Overall, the differences in rehabilitation guidelines for BT are quite concerning. Variations in recommendations by multiple weeks is clinically significant for BT healing and proper restoration of function. Further, the state of the supportive literature is also bleak. Contrary to the popularity of this procedure, evidence-based rehabilitation guidelines for BT rehabilitation are lacking and require further research. Doing so would move us on a path to standardization, resulting in better outcomes for the patient, increased efficiency for surgeons, and decreased burden on the healthcare system as a whole.18-23
This study is the first to evaluate the variability of published rehabilitation protocols for BT. This study needs to be assessed in light of its limitations. One limitation of the study is that we only evaluated publicly available BT protocols so any protocols that were individually distributed to patients or physical therapists were not included. Additionally, while we did try to create a systematic method to search for rehabilitation protocols, it is possible that a publicly available protocol was available but not found in our search. While this may have potentially decreased the number or protocols reviewed, it does represent what a patient or physical therapist may experience when performing their own internet search for an online BT rehabilitation protocol after surgery. Additionally, many surgeons may have their own private/dictated protocols which are not published publicly online. These protocols may hold different recommendations than those reported in our study’s cohort; however, our study was designed to simulate what can be easily found and referenced online.

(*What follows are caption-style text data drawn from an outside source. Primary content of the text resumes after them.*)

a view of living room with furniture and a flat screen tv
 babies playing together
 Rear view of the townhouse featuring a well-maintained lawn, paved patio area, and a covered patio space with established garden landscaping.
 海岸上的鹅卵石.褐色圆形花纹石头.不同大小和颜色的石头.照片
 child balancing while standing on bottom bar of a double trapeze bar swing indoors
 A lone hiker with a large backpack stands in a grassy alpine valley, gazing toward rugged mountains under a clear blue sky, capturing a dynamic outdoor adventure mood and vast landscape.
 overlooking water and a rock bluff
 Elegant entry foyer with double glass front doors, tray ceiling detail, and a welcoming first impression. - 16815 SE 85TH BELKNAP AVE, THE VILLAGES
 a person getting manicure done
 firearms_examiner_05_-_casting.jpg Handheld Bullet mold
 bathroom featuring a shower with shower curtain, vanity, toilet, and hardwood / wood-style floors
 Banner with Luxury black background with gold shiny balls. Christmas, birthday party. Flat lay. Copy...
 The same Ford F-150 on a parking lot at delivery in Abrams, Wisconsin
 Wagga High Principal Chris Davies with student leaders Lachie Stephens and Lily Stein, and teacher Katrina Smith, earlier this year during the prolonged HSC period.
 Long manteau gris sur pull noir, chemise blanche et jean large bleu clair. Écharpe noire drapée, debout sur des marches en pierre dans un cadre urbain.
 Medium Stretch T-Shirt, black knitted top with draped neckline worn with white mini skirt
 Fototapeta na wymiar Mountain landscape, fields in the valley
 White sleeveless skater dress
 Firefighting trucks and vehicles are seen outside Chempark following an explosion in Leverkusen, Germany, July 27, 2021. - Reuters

Another limitation of our study is that we did not separate protocols based on surgical technique. While this may make a difference, there are no data in the literature supporting that outcomes are different based on rehabilitation protocol and surgical technique. Lastly, there was no consensus statement or gold standard BT rehabilitation protocol for us to statistically compare our results to; however, this is a limitation that was, ironically, a motivation for this study. Due to the lack of consensus surrounding BT rehabilitation, we believed it was critical to:
- Evaluate the current state of BT rehabilitation
- Identify research gaps for development of future evidence-based rehabilitation guidelines
From this study, we hope more surgeons will note the various areas of need and fill them accordingly with future research.
The majority of postoperative rehabilitation for BT is lacking consensus. This study highlights the variability of clinical recommendations among online available BT rehabilitation protocols. Gaps in the literature have been presented, allowing for future impactful research studies and the development of evidence-based guidelines for BT rehabilitation.